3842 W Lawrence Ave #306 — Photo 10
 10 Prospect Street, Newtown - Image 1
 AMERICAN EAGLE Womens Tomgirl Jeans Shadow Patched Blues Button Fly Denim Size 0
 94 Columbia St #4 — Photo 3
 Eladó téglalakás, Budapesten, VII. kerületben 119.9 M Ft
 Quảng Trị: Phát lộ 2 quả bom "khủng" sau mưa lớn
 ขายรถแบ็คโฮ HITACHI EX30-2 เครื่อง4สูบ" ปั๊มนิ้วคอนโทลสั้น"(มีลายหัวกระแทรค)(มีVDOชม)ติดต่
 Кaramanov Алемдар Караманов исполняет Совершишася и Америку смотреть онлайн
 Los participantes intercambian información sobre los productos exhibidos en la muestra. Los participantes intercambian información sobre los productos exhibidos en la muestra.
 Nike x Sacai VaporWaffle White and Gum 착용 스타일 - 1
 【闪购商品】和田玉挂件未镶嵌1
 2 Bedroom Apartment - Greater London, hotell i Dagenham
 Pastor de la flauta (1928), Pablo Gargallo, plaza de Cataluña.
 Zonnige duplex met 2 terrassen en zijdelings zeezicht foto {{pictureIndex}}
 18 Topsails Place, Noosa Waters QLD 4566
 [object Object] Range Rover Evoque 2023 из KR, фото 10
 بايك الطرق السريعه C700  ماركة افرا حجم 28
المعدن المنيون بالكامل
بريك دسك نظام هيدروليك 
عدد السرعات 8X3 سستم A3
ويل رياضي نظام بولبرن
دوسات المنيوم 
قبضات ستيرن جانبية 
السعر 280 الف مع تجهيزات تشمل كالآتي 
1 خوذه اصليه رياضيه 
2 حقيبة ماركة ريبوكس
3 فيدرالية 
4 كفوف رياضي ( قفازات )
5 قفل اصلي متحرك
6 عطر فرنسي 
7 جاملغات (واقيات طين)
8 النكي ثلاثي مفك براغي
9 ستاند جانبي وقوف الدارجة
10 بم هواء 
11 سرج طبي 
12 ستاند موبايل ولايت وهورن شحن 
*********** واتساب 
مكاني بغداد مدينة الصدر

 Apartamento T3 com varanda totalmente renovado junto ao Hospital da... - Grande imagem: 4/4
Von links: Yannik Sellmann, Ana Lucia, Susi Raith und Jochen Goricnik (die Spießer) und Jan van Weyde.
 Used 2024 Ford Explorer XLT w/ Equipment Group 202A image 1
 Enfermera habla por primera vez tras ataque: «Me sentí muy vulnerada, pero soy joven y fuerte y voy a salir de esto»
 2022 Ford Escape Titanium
━━━━━━━━━━━━━━━━━━━━━━━━━━━━━━
How to complete this task >>
All records are to be retyped precisely.

Answer area >>
3842 W Lawrence Ave #306 — Photo 10
 10 Prospect Street, Newtown - Image 1
 AMERICAN EAGLE Womens Tomgirl Jeans Shadow Patched Blues Button Fly Denim Size 0
 94 Columbia St #4 — Photo 3
 Eladó téglalakás, Budapesten, VII. kerületben 119.9 M Ft
 Quảng Trị: Phát lộ 2 quả bom "khủng" sau mưa lớn
 ขายรถแบ็คโฮ HITACHI EX30-2 เครื่อง4สูบ" ปั๊มนิ้วคอนโทลสั้น"(มีลายหัวกระแทรค)(มีVDOชม)ติดต่
 Кaramanov Алемдар Караманов исполняет Совершишася и Америку смотреть онлайн
 Los participantes intercambian información sobre los productos exhibidos en la muestra. Los participantes intercambian información sobre los productos exhibidos en la muestra.
 Nike x Sacai VaporWaffle White and Gum 착용 스타일 - 1
 【闪购商品】和田玉挂件未镶嵌1
 2 Bedroom Apartment - Greater London, hotell i Dagenham
 Pastor de la flauta (1928), Pablo Gargallo, plaza de Cataluña.
 Zonnige duplex met 2 terrassen en zijdelings zeezicht foto {{pictureIndex}}
 18 Topsails Place, Noosa Waters QLD 4566
 [object Object] Range Rover Evoque 2023 из KR, фото 10
 بايك الطرق السريعه C700  ماركة افرا حجم 28
المعدن المنيون بالكامل
بريك دسك نظام هيدروليك 
عدد السرعات 8X3 سستم A3
ويل رياضي نظام بولبرن
دوسات المنيوم 
قبضات ستيرن جانبية 
السعر 280 الف مع تجهيزات تشمل كالآتي 
1 خوذه اصليه رياضيه 
2 حقيبة ماركة ريبوكس
3 فيدرالية 
4 كفوف رياضي ( قفازات )
5 قفل اصلي متحرك
6 عطر فرنسي 
7 جاملغات (واقيات طين)
8 النكي ثلاثي مفك براغي
9 ستاند جانبي وقوف الدارجة
10 بم هواء 
11 سرج طبي 
12 ستاند موبايل ولايت وهورن شحن 
*********** واتساب 
مكاني بغداد مدينة الصدر

 Apartamento T3 com varanda totalmente renovado junto ao Hospital da... - Grande imagem: 4/4
Von links: Yannik Sellmann, Ana Lucia, Susi Raith und Jochen Goricnik (die Spießer) und Jan van Weyde.
 Used 2024 Ford Explorer XLT w/ Equipment Group 202A image 1
 Enfermera habla por primera vez tras ataque: «Me sentí muy vulnerada, pero soy joven y fuerte y voy a salir de esto»
 2022 Ford Escape Titanium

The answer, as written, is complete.